RFTools Utility is the workhorse companion to the RFTools family, packing teleportation networks, programmable information screens, automated crafters, mob spawners, environmental effect controllers, and a full suite of redstone logic blocks into one powerful mod. If you need to move players across dimensions, automate complex crafting chains, or monitor your entire base from a wall of screens, this is the mod that makes it happen.

Overview

RFTools Utility is one of the core modules in the RFTools mod family, providing essential utility systems that most RFTools-based bases depend on. The mod adds seven major systems: a teleportation network for instant travel between locations and dimensions, programmable screens for monitoring energy, fluids, inventories and more, automated crafters that can handle multiple recipes simultaneously, a mob spawner system using syringes and matter beamers, an environmental controller that applies potion effects across an area, a fluid tank, and a complete set of redstone logic blocks. You can browse every item and recipe this mod adds using the tabs at the top of this page.

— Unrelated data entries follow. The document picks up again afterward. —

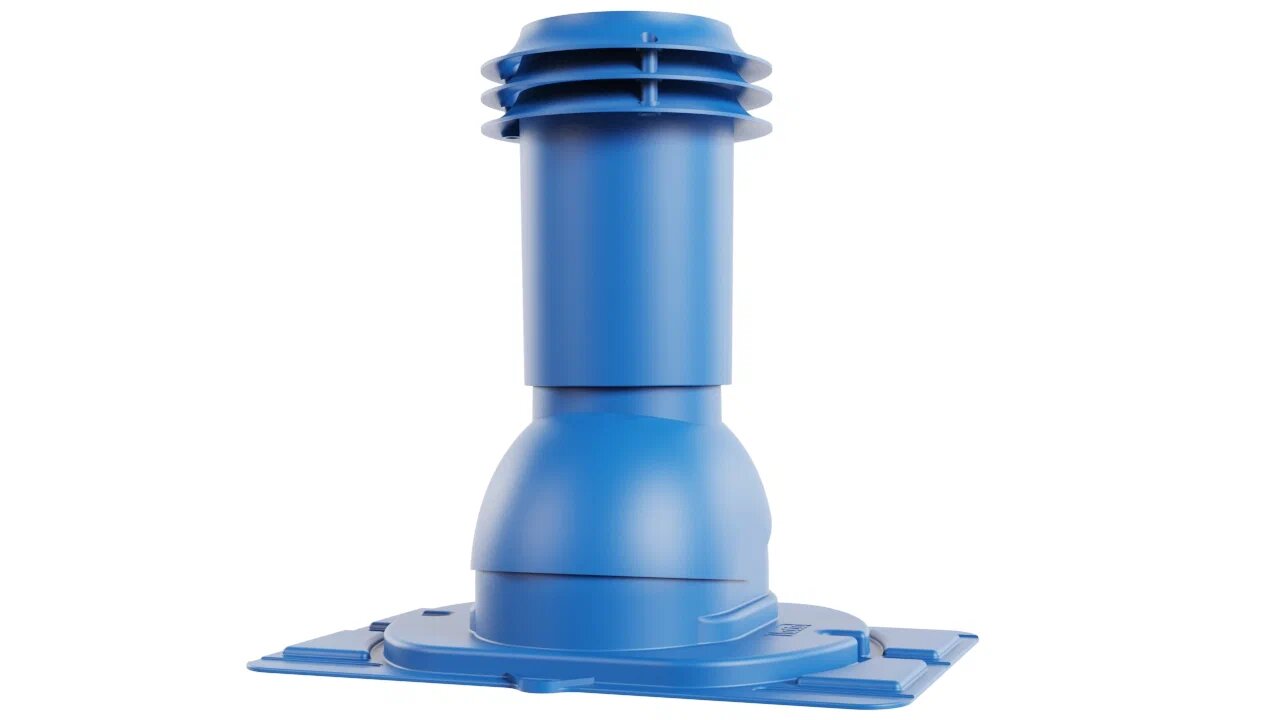 Выход вентиляции канализации с универсальным проходным элементом, синий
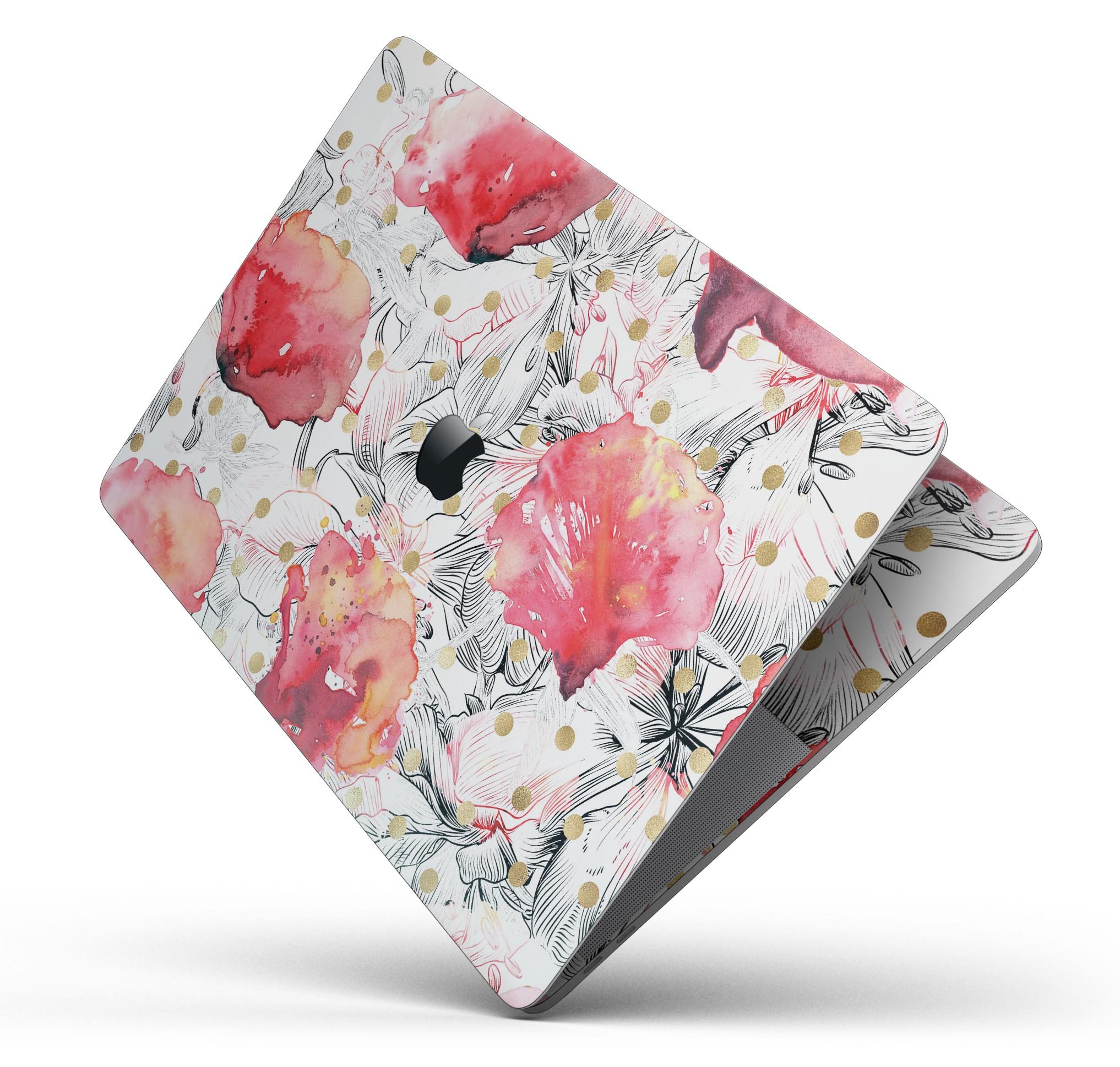 Karamfila Watercolo Poppies V29 skin decal wrap kit for MacBook, featuring vibrant poppy design and premium vinyl material.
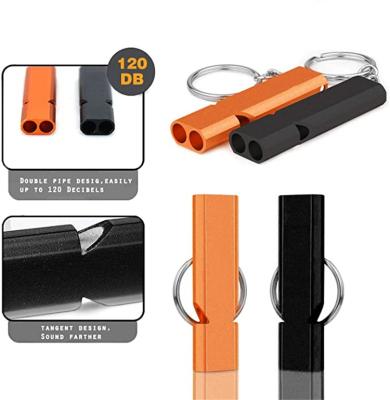 China Outdoor Camping Hiking Hot Sale 5 in 1 Pocket Safety Emergency Aluminum Whistle Set Dual Frequency Whistle Plastic Whistle for Outdoor for sale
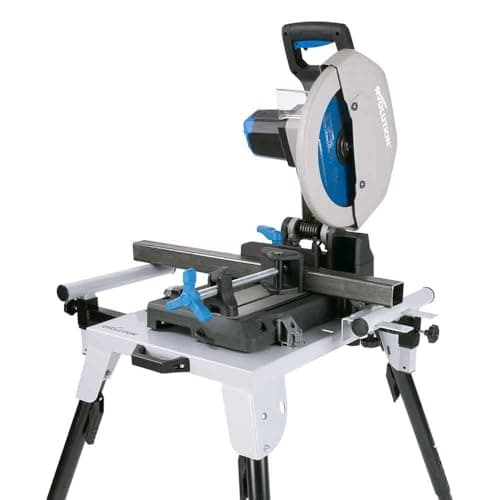 Image of Evolution Power Tools, S355CPS 355mm, Chop Saw, for Cutting Metal Long Life TCT Tungsten Carbide Blade Included for Cutting Mild Steel, Cold Cut, Virtually No Sparks, 45 Degree & Stand Bundle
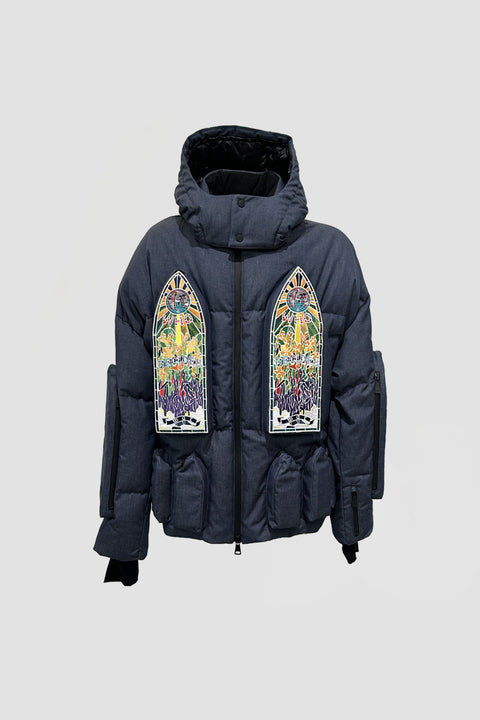 DOWN BOMBER WITH DETACHABLE HOOD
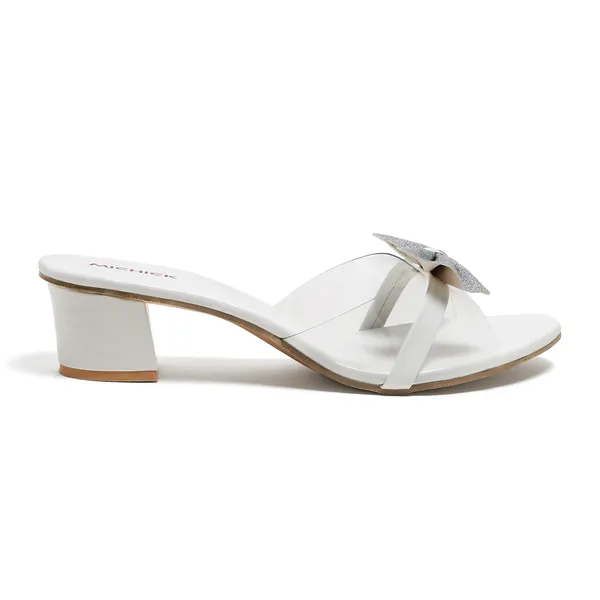 White_Block_Heel_Bow_Detail_Sandals_For_Women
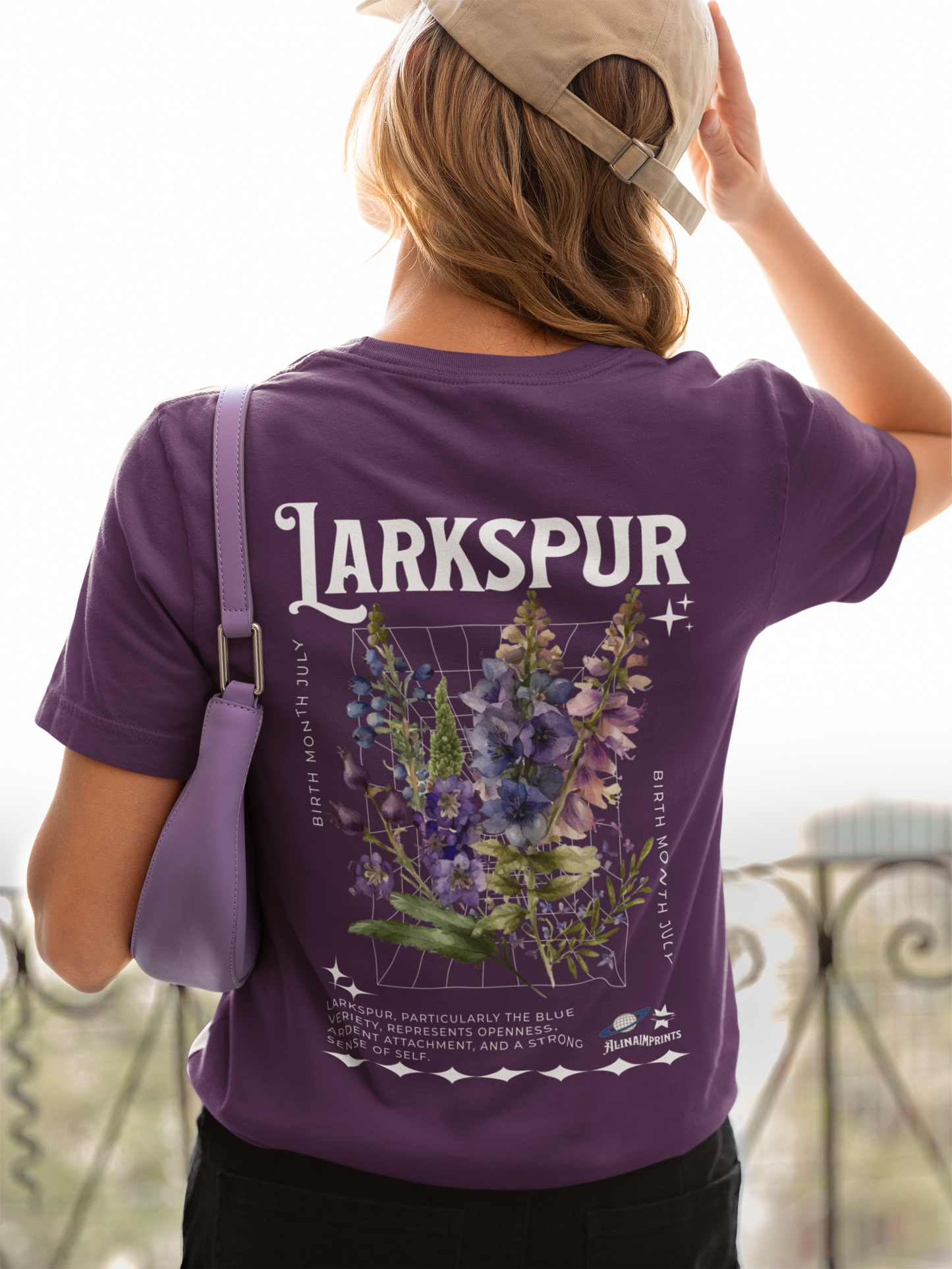 Larkspur, birth month July flower Heavyweight Unisex Crewneck T-shirt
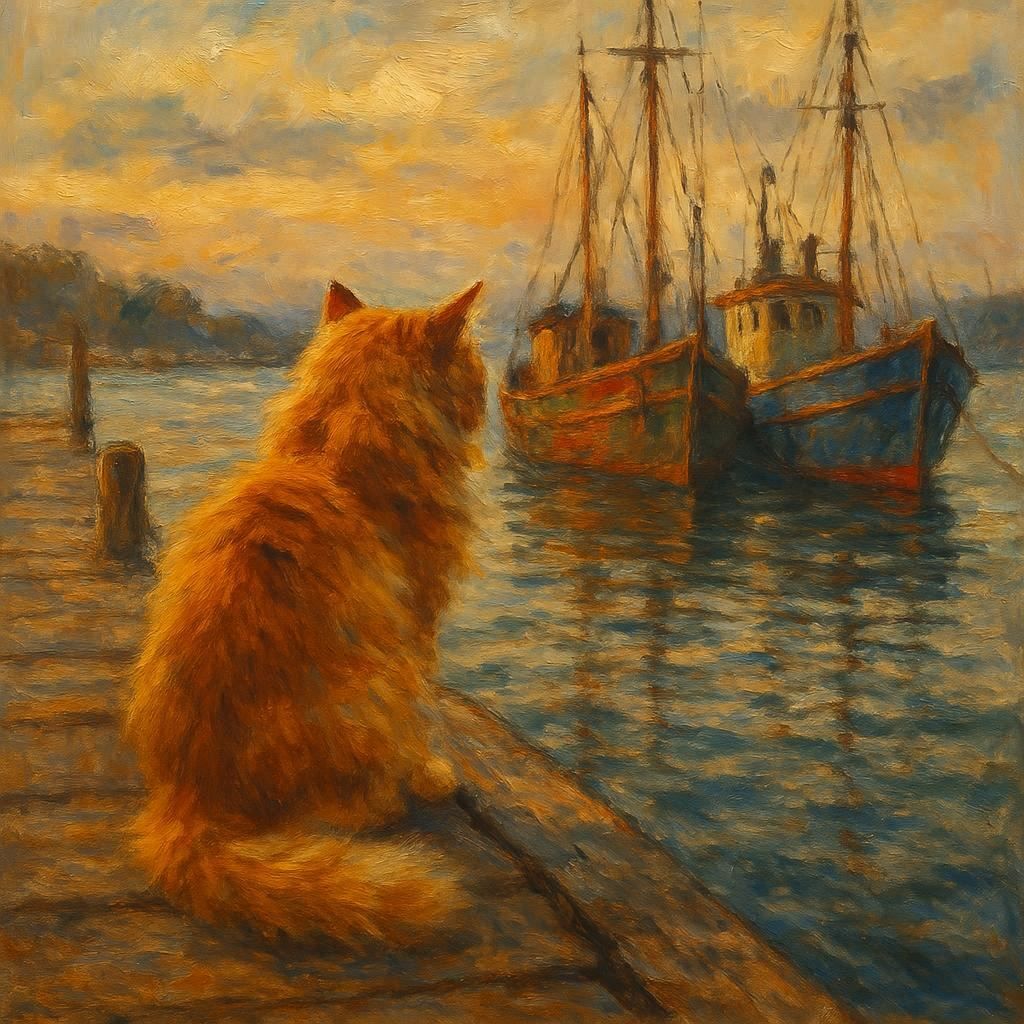 Cat and the Sea  by @Fluffball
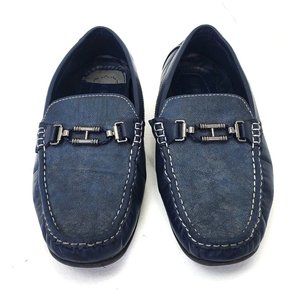 Mecca Men's Blue Driving Shoes Loafers Horse Bit Buckle Leather ME-9018 10.5
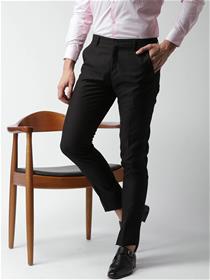 Men black slim fit formal trousers (my)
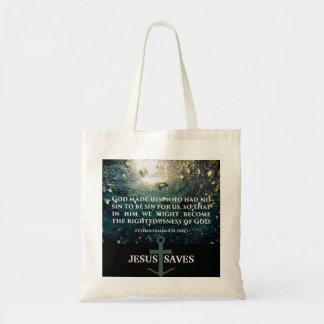 Righteous of God 2 Corinthians 5:21 Scripture Art Tote Bag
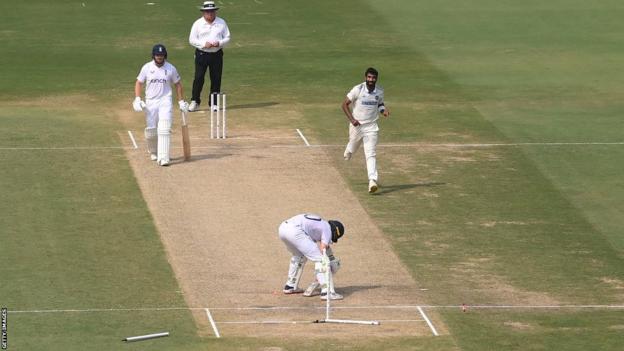 Jasprit Bumrah bowls Ollie Pope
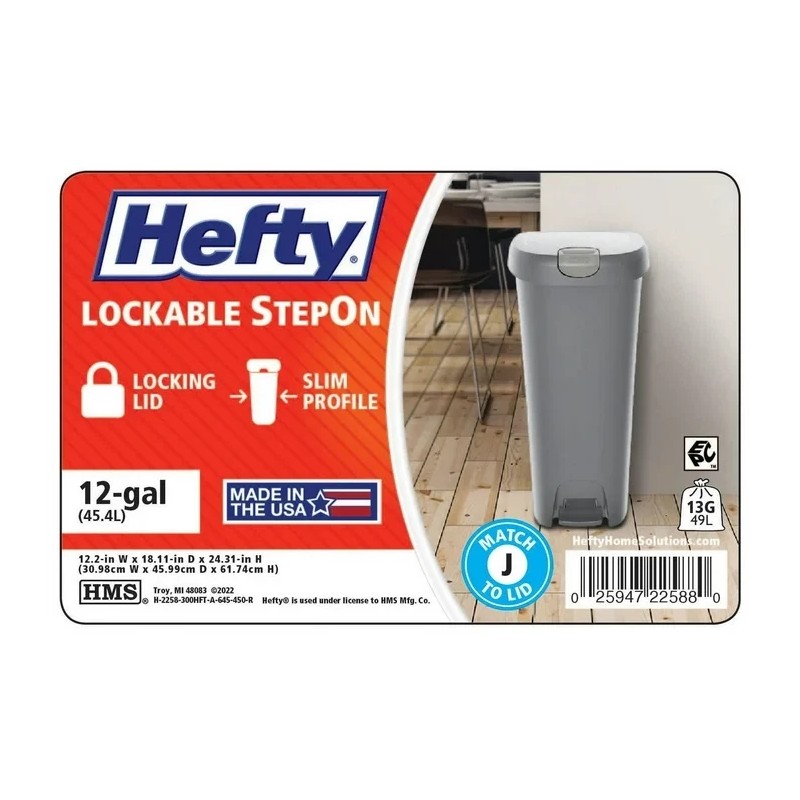 Hefty 12 Gallon Trash Can, Plastic Slim Lockable Step On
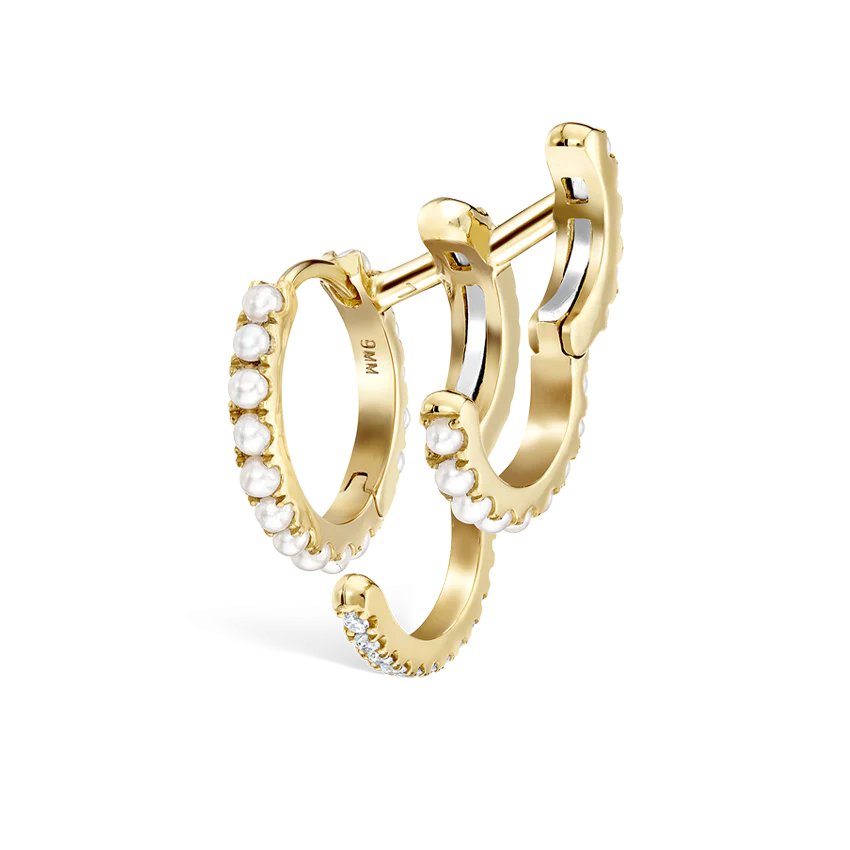 Pearl and Diamond Triple Linked Eternity Hoop Earring and Cuffs - Image 12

All of these systems run on RF (Redstone Flux) power, so you will need a reliable power source before diving in. RFTools Utility is part of the broader RFTools ecosystem and depends on RFTools Base for shared components like the Machine Frame, Machine Base, Infused Diamond, Infused Enderpearl, and Dimensional Shards. If you are playing a modpack, these dependencies are typically included automatically.

Prerequisites

RFTools Utility requires RFTools Base, which provides the Machine Frame, Machine Base, Infused Diamond, Infused Enderpearl, and Dimensional Shard items used in most recipes. You will need a source of RF power, whether from a coal generator, a solar panel, or any other energy-producing mod in your pack. Many recipes call for vanilla materials like Ender Pearls, Redstone, and Glass, so stock up on those before starting.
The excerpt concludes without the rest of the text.